Naszą najważniejszą propozycją jest współpraca w układzie aglomeracyjnym. Wałbrzych i otaczające go gminy mają niespójną strukturę przestrzenną i administracyjną. Poprzedzielane górami i lasami, tworzą archipelag obszarów funkcjonalnych, które są z kolei poprzedzielane w poprzek granicami gmin. Blokowiska na północy Wałbrzycha mają więcej wspólnego ze Szczawnem Zdrojem, które jest dla nich naturalnym centrum miejskim, niż ze Śródmieściem i znajdującym się tam Rynkiem. W dodatku Wałbrzych – jako jedyne miasto prezydenckie na Dolnym Śląsku – nie jest powiatem. Miejscowy starosta ziemski jest więc niemal równy prezydentowi. Miasto od lat zabiega o odzyskanie powiatowości, podobno ma na to teraz szanse. Ale póki co, musi przede wszystkim współpracować z sąsiednimi samorządami.

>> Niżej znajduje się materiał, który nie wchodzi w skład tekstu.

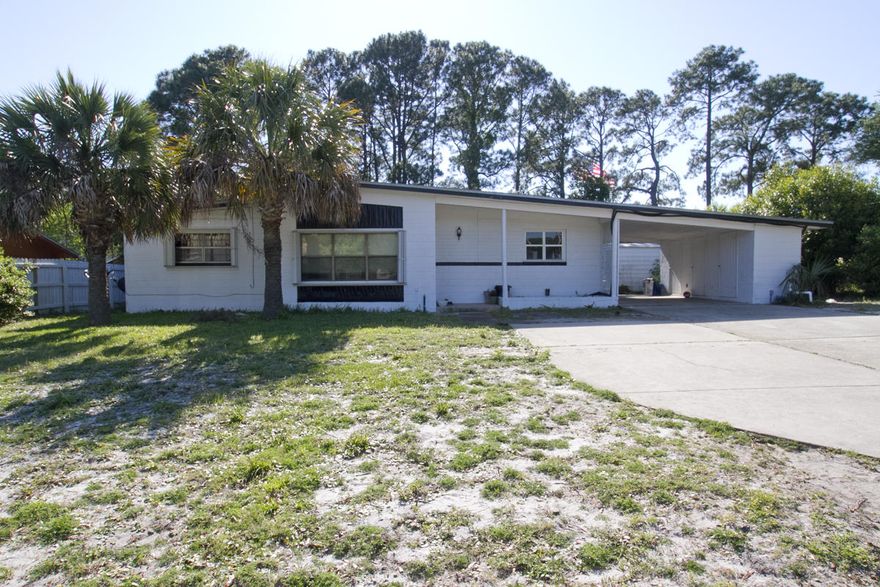 Excellent starter home or investment property. The home features block construction, large back yard which is partially fenced. The homes exterior was just repainted in 2013. The open carport can be converted to garage. This home is located in the heart of Fort Walton Beach! Close to shopping, dining, and the beautiful white sandy beaches of the Gulf!!!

Dobrym wzorem takiej kooperacji jest Stowarzyszenie Metropolia Poznań, które działa od początku 2011 r. Kieruje nim prezydent miasta, jego zastępcą jest starosta powiatu. Stowarzyszenie współpracuje z miejscowym think tankiem aglomeracyjnym – Centrum Badań Metropolitalnych, funkcjonującym w ramach Uniwersytetu Adama Mickiewicza. Ich wspólnym dziełem jest m.in. Strategia Rozwoju Aglomeracji Poznańskiej. Zaproponowaliśmy władzom Wałbrzycha powtórzenie tego modelu.

Naszym zdaniem nie należy zastanawiać się nad formami współpracy aglomeracyjnej, tylko od razu ją zinstytucjonalizować i wyposażyć w pakiet projektów, które: a) byłyby prowadzone przez więcej niż jeden podmiot (czyli np. przez grupę samorządów); b) przyczyniałyby się do poprawy stanu nie jednej, a kilku dziedzin życia miasta jednocześnie. Roboczo nazwaliśmy takie programy „projektami zintegrowanymi”. Jednym z nich jest propozycja wyposażania wałbrzyskich osiedli w małe kotłownie. Taki projekt mógłby nie tylko wpłynąć pozytywnie na stan powietrza, ale i przyczynić się do rozkręcenia gospodarki i mobilizacji mieszkańców wokół realizacji celów prorozwojowych.

Wałbrzych biedny jak Polska Wschodnia?

W strategii wskazujemy też, że Wałbrzych – miasto do połowy lat 90. żyjące z węgla – znów jest zagrożony monokulturą gospodarczą, tym razem napędzaną rozwojem przemysłu motoryzacyjnego, głównie w Wałbrzyskiej Specjalnej Strefie Ekonomicznej (WSSE). Jednocześnie uważamy, że surowcem, który do jakiegoś stopnia może zastąpić węgiel, jest woda. Aglomeracja (przede wszystkim Szczawno-Zdrój i Jedlina-Zdrój) ma własne ujęcia wody mineralnej. Zresztą sam Wałbrzych rozwijał się wokół takich właśnie miejsc zanim nastała era przemysłowego wydobycia węgla (pamiątką po tamtych czasach jest dzielnica Stary Zdrój).

Szansą dla tej części Dolnego Śląska jest też w naszym przekonaniu otwarcie na Czechy. Jeśli spojrzymy na mapę i wymażemy z niej granice, zauważymy, że Wałbrzych jest potencjalnie największym ośrodkiem miejskim dla tej części Czech, która rozciąga się na północ od Hradec Kralove.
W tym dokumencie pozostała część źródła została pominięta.